まず言及したいのは、首回りのパーツの独立性についてである。1920年代までシャツの襟は取り外しができるアタッチト・カラーだったが、ミウッチャはそれを復刻させつつ、襟に新たな役割、すなわちアクセサリーとしての職務を与えている。それは、シャツの前立てやシャツに巻くはずのネクタイ、袖元のカフスも同じで、それぞれが独立した存在として輝きを放っている。
また、コートのフードは、身頃の素材や質感とまったく連動性のないものが取り付けられている。その後ろ姿を見ると、バックスタイルを演出する小道具としてのフードの役目を提示された気がして、ハッとさせられる。マリン風のコートの襟も取り外し式で、ノーカラーで着ることもできるし、ショーのように片方だけを留めて、ヌケ感を演出することもできる。さらには、ムートンコートの胸元だけを切り取ったようなものさえある。
港湾労働者を連想させるラギッドな素材使いも、今回のコレクションの特徴のひとつ。ハーレー乗りのバイカーが着るような、プルオーバーのレザーシャツは、胸元を紐で止めるようになっていて、腕の屈曲部や切り替えの端の部分にはリアルなユーズド加工が施されている。
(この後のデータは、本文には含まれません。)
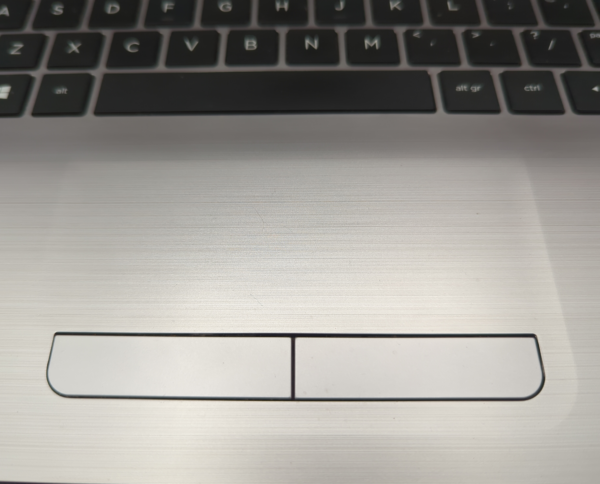 Close-up of a laptop touchpad with keyboard, highlighting navigation controls and button details.
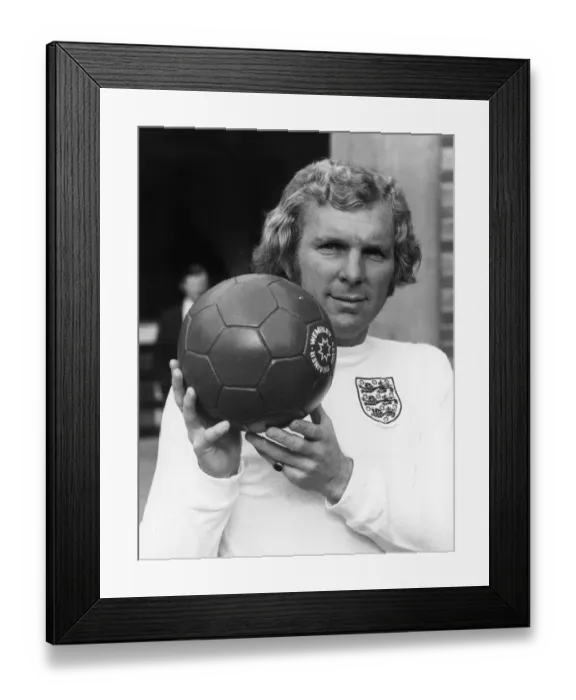 Framed Print : England football captain Bobby Moore with a Wembley Club trainer football. Circa 1970 Framed Print : England football captain Bobby Moore with a Wembley Club trainer football. Circa 1970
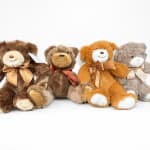 Four plush teddy bears with ribbon bows on a white background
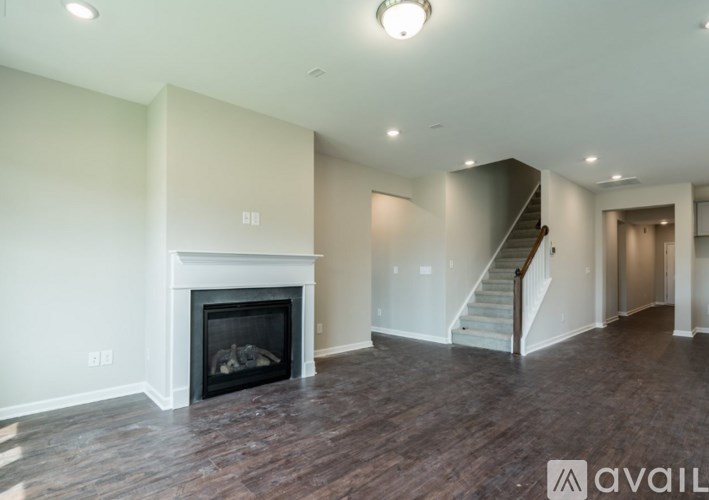 A spacious living room with a fireplace and a staircase.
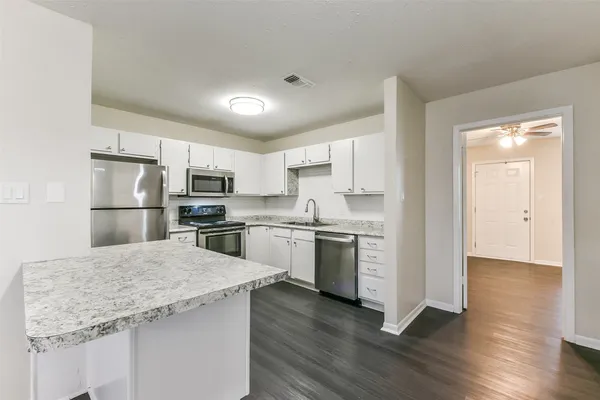 a kitchen with a refrigerator sink and cabinets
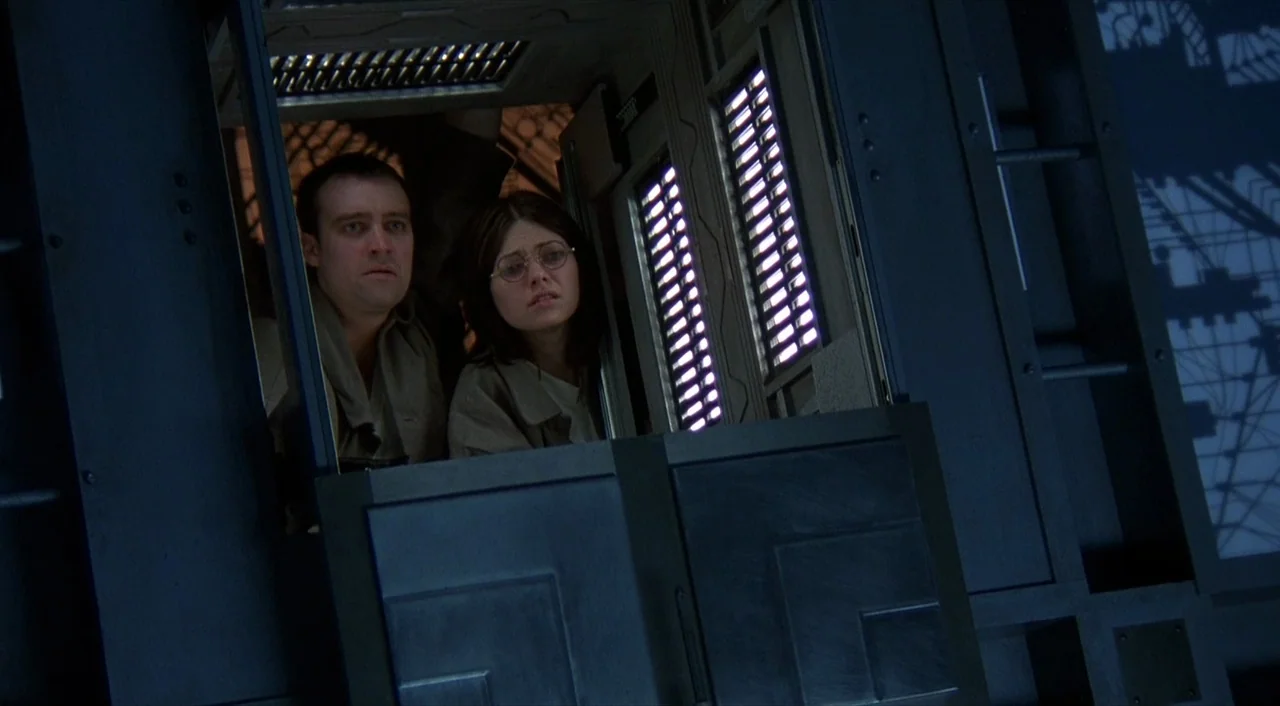 Cube (1997) movie still: medium — The interior of a metallic, dark-toned train car features heavy paneling and narrow windows. A man and a woman…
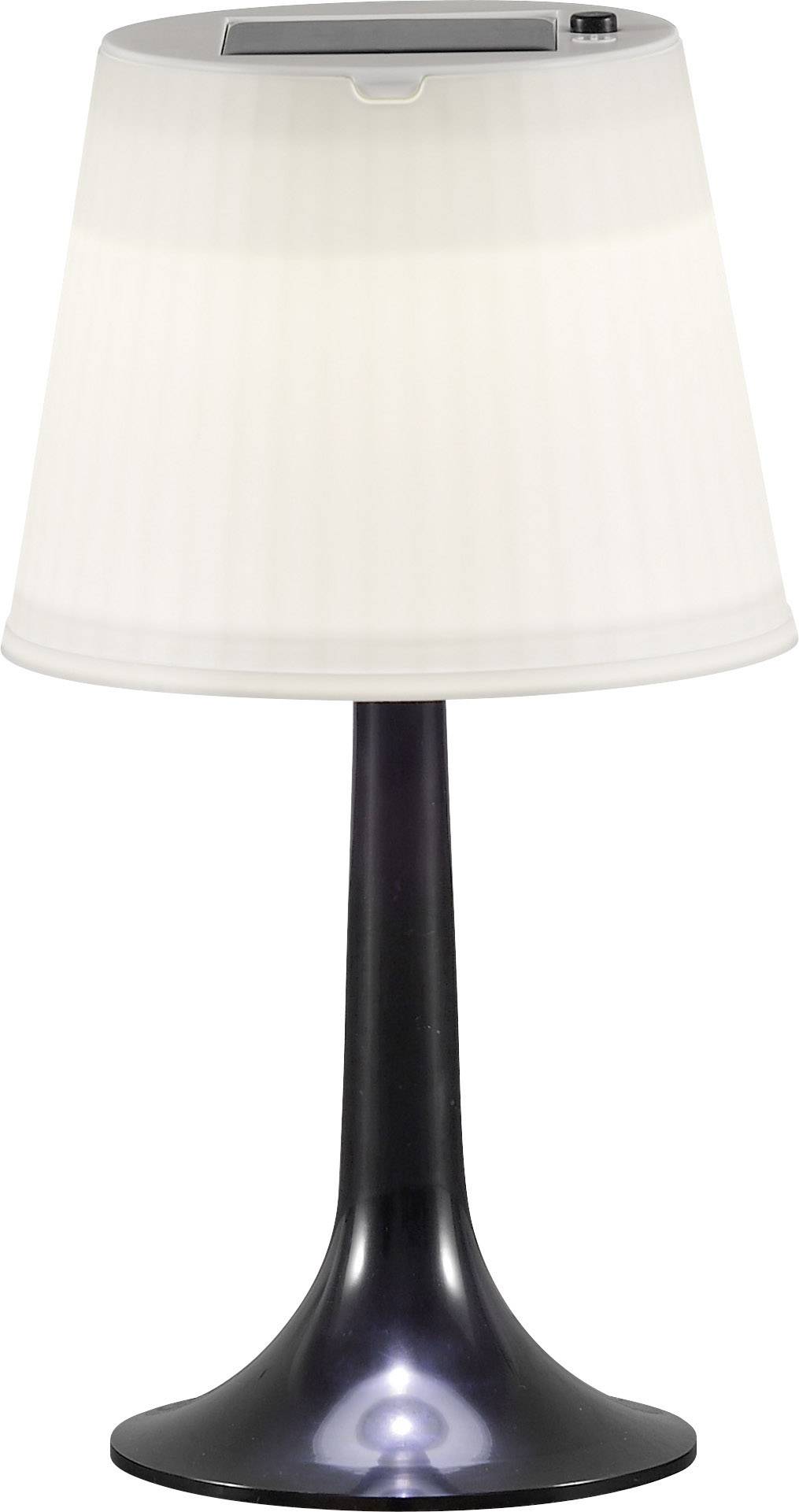 Eine kleine Tischlampe mit weißem, gefaltetem Lampenschirm auf einem schwarzen, glänzenden Fuß; moderne, minimalistische Ästhetik.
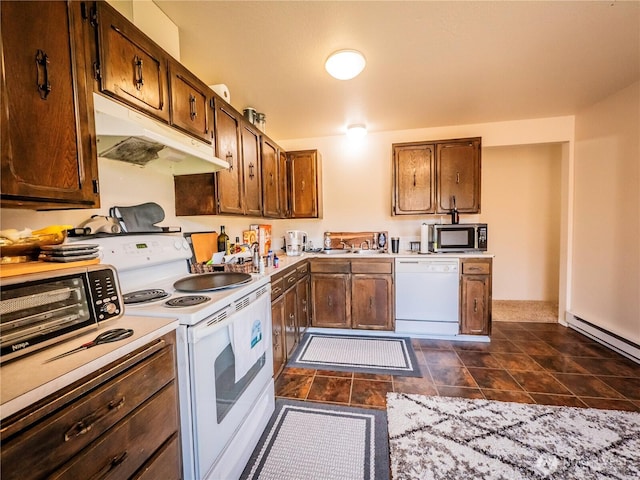 919 Harding Rd, Elma, WA 98541 - kitchen with white appliances, under cabinet range hood, light countertops, a sink, and a baseboard radiator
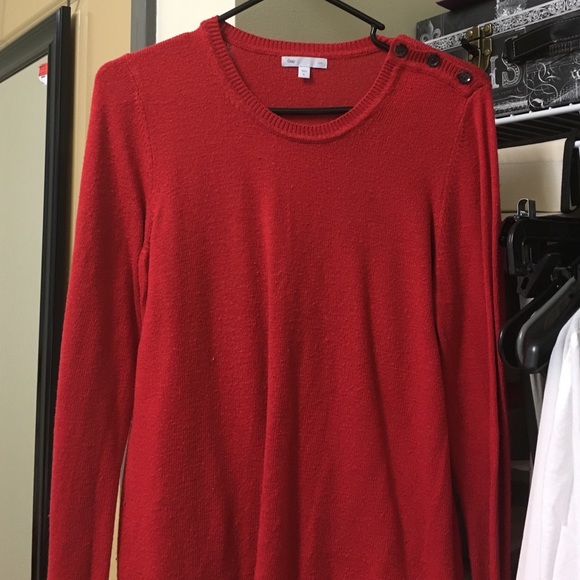 Red sweater with three buttons on shoulder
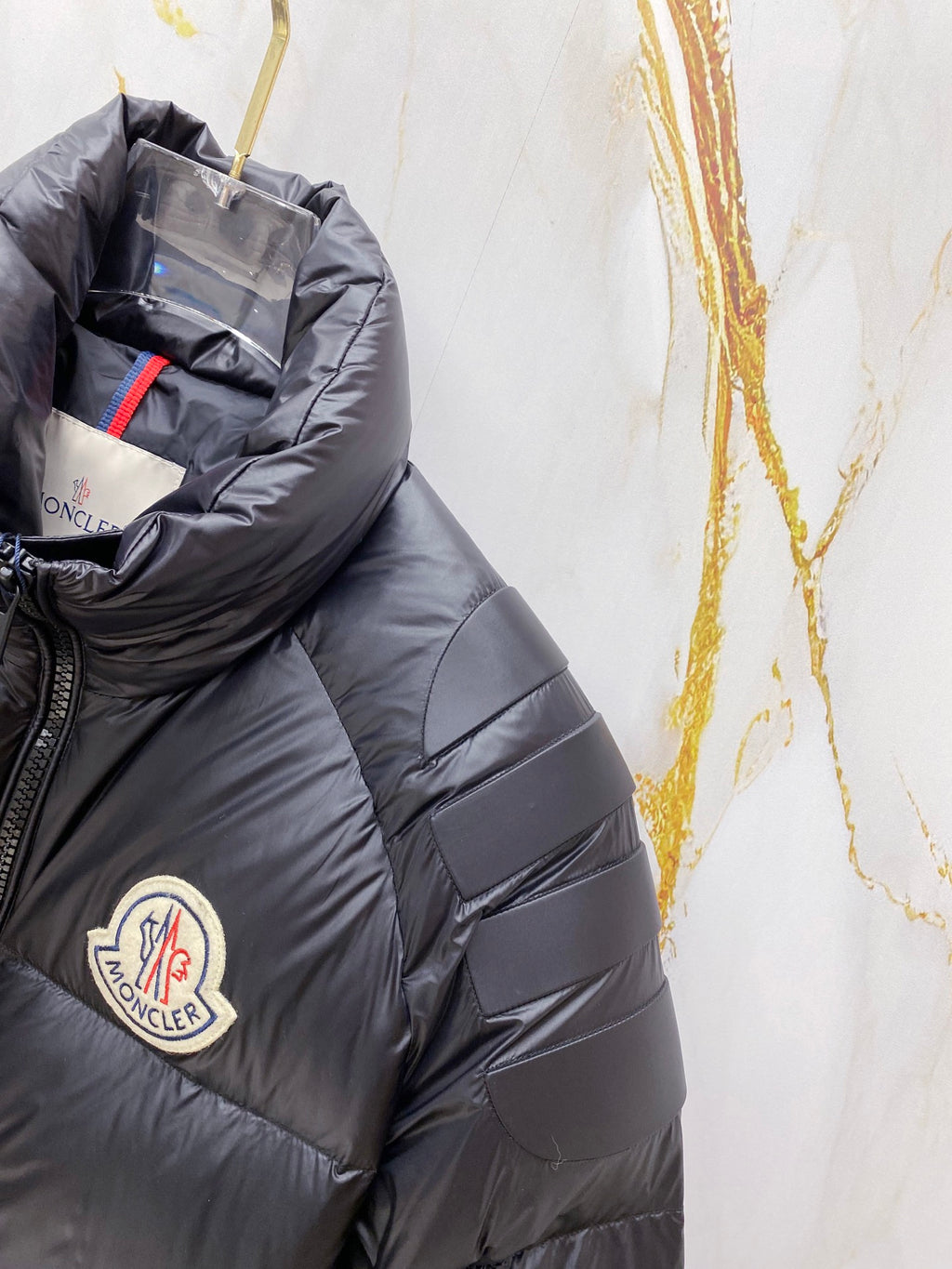 Moncler long puffer jacket sleeve close-up, dark navy quilted panels and logo
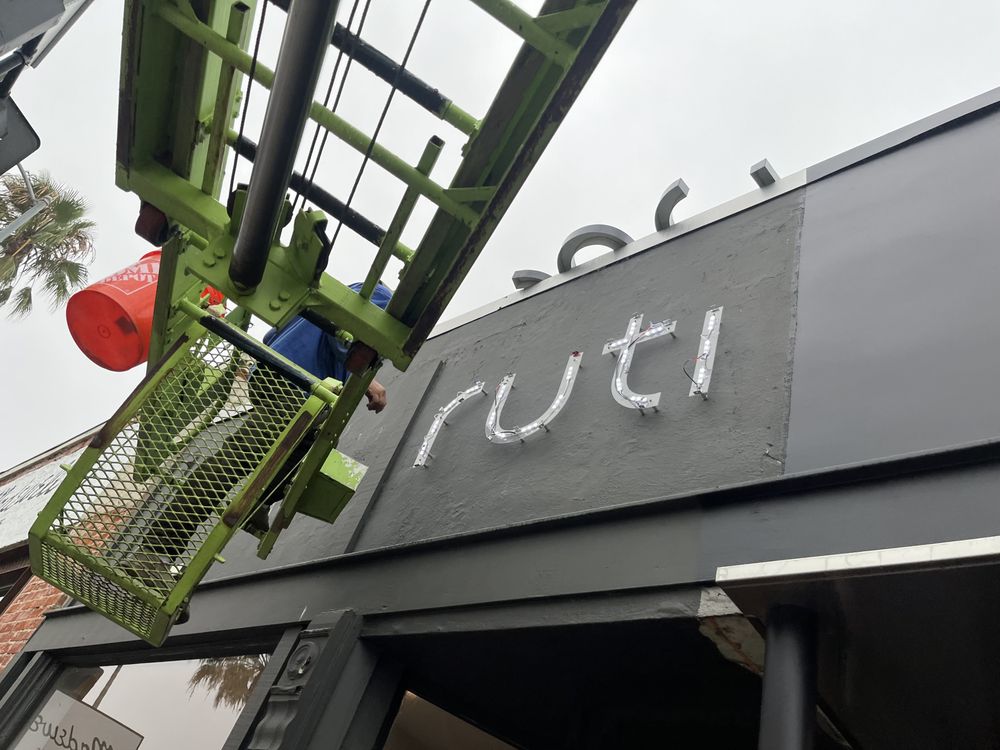 Sign installation on building with crane lift.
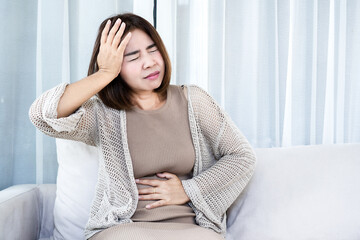 Stressed Asian woman suffering from stomach ache and headache on sofa. Illustrating gut-brain axis connection, digestive issues, and mental stress impact on physical health in a bright living room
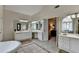 Bright bathroom features dual vanities, tile floors, soaking tub and an entrance to an additional room at 5245 Cottage Farm Rd, Johns Creek, GA 30022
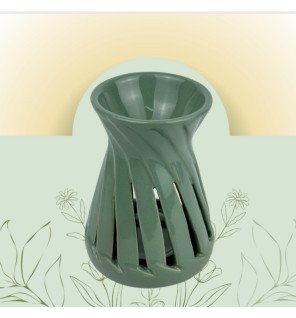  vue rapprochée sur la texture de la céramique verte du brûle-parfum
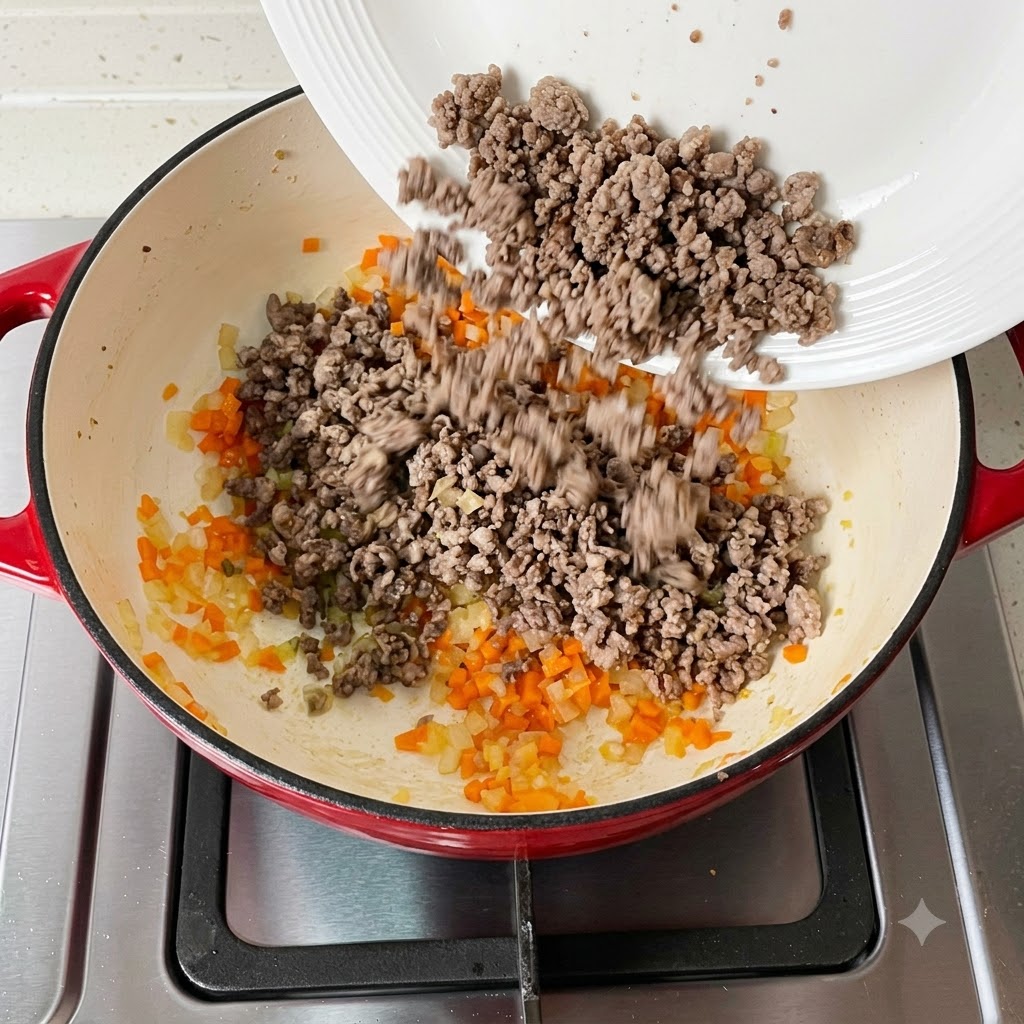 Carne macinata cotta aggiunta nuovamente nella padella contenente le verdure.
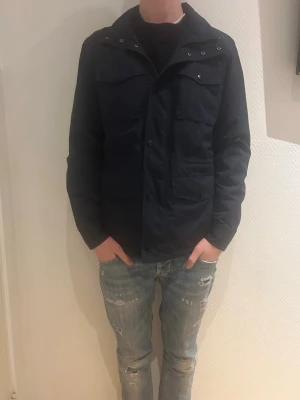 Bondelid field Jacket - Snygg mörkblå vindjacka med fyra stora fickor framtill och knappstängning. Jackan har hög krage och en rak passform som ger en clean look. Perfekt för blåsiga dagar och enkel att matcha med olika outfits. Materialet känns lätt och smidigt.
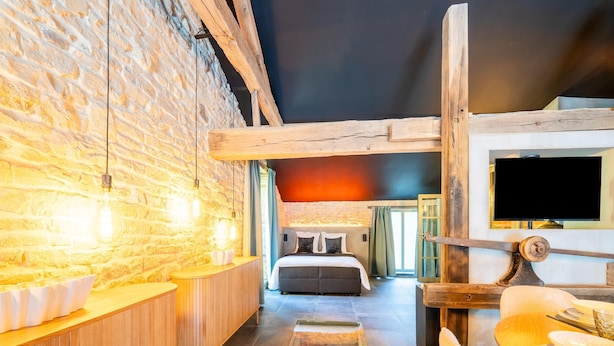 Een rustieke hotelkamer met zichtbare bakstenen muren, een houten receptiebalie, een bed met hoofdeinde en een aan de muur bevestigde televisie.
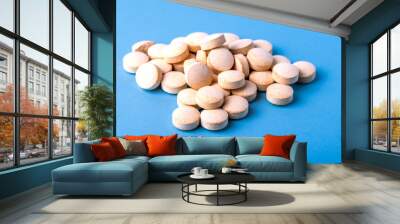 Orange pills vitamin C. pills on blue background. Wall mural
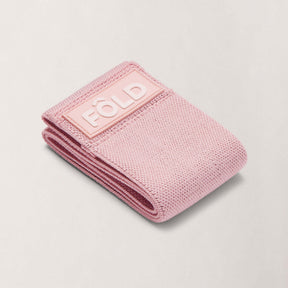 Pilates Resistance Band - Rose Pink Light folded, showcasing its premium design and soft pink color.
ヴィンテージのエンジニアブーツなどで“茶芯”と呼ばれるような、黒の下から茶色が浮かび上がるような色合いは、惚れ惚れするくらい見事なものだ。
カーハートのブラウンダックのような素材のダブルブレストのコートは、洗いをかけて縫い目のアタリを出したあとに、上から茶色の塗料を吹きかけたと思われる。同素材のパンツは膝から下に別布を張ってダブルニー仕様になっている。
パンツのシルエットは、総じて太めでアメリカのワークパンツを洗練させたような雰囲気。丈はクロップド丈に仕上げて、白のくしゅくしゅソックスを合わせている。靴は60年代風のセミスクエアトゥのキルト付きのモンクストラップ、先端のみが別色(ブラウンにトゥはイエローなど)のストレートチップ、ソールとアッパーが一体になったような白のスニーカーなどで、相変わらず選り取りみどり。
小物使いでは、ベレーとナース帽の中間のような白い帽子、ベルトループへのキーの重ね付けが、スタイリングを引き締める絶妙なスパイスになっている。色はネイビー、ブラック、グレー、ホワイト、ブラウンが主体だ。
前半で見せた開襟シャツに描かれたイラストは、誰の作品かは現時点では不明だが、様々な立場の人や神様が争っていたり、髪の色の違う男女が愛し合っていたりする。世界で起こる問題へのミウッチャのメッセージとも読み取れるが、かの女が服の解体・再構築に挑んだように、世界はそういう時期に差し掛かっているのかもしれない。3ルック目の人種の違う男女の愛が描写された開襟シャツのように世の中が進むことを願ってやまない。